Tubulars used in drill string 106 generally include thin-walled pipe segments, however, additional non-standard segments are often needed on the drill string 106. Subs, as they are sometimes referred to, can include thread crossovers, collars, and other measuring and sensing assemblies used for measurement or drill string 106 flexure.
As the BHA 110 is lowered deeper into the subterranean formation 114, the drill string 106 can experience one or more forces resulting in drill string compression or deformation. This deformation can become magnified depending on the subterranean formation 114 characteristics (e.g., formation hardness or annulus wall friction—sometimes referred to as stiction). For example, a tubular segment that might be 30 feet when resting on the surface, may have a reduced length when under pressure as part of the drill string 106. Such reduced length, when accounting for the hundreds of tubular segments used to construct the wellbore, can cause small directional course deviations of the BHA 110 over thousands of feet of drilling, putting the BHA 110 off of the intended wellbore target.

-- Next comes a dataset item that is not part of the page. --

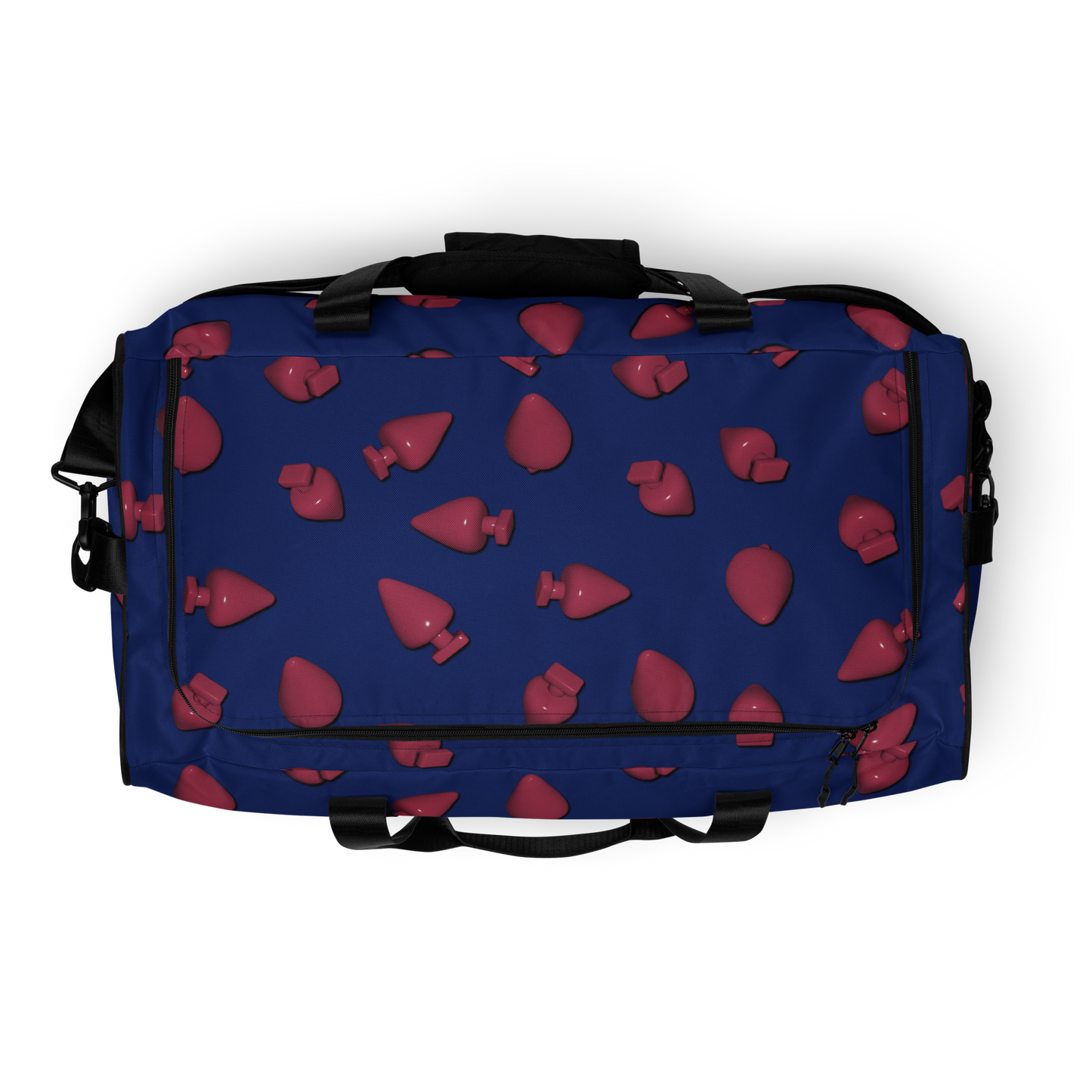 BUTTPLUG DUFFEL BAG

Such deviations can make the construction of the wellbore 104 difficult, particularly when operating in extreme environments where drilling must occur in a very specific path. The BHA 110, for example, can begin to drift off course by inches or even several feet as a result of accumulated deformation, compression, or surface friction with the wellbore 104.
In certain instances, the BHA 110 can include a clock (not illustrated) adapted to keep absolute or relative time. In a particular embodiment, the clock can include a clock oscillator or crystal. Such oscillators and crystals can have operational temperature ranges, sensitivities, and accuracies as measured in parts per million (PPM), such as for example +/−20 PPM, or +/−50 PPM, or +/−100 PPM. Clock accuracy can depend on the temperature at or near the BHA 110, or within the wellbore 104, or a combination thereof. Changing wellbore conditions and extreme temperature environments encountered in certain subterranean formations can thus cause the clock to drift, or deviate from absolute. For example, in certain subterranean environments, temperature variations can cause the clock to drift by several seconds per operating hour, amounting to significant deviations in timing over the course of days and weeks of drilling. Systems on the BHA 110 that depend on precise timing can thus also drift as the BHA 110 clock drifts from absolute. For instance, by way of a non-limiting example, a tool (not illustrated) on the BHA 110 can be adapted to change operational protocol every 24 hours. The tool can rely on the time of the clock in the BHA 110 for determining the occurrence of a 24 hour condition. Time shifts associated with drift of the clock can thus alter the effective occurrence of the condition based on the degree of shift exhibited by the clock over the 24 hour span. Further, accumulation of successive 24 hour periods magnify clock drift, further reducing accuracy of the tools operation.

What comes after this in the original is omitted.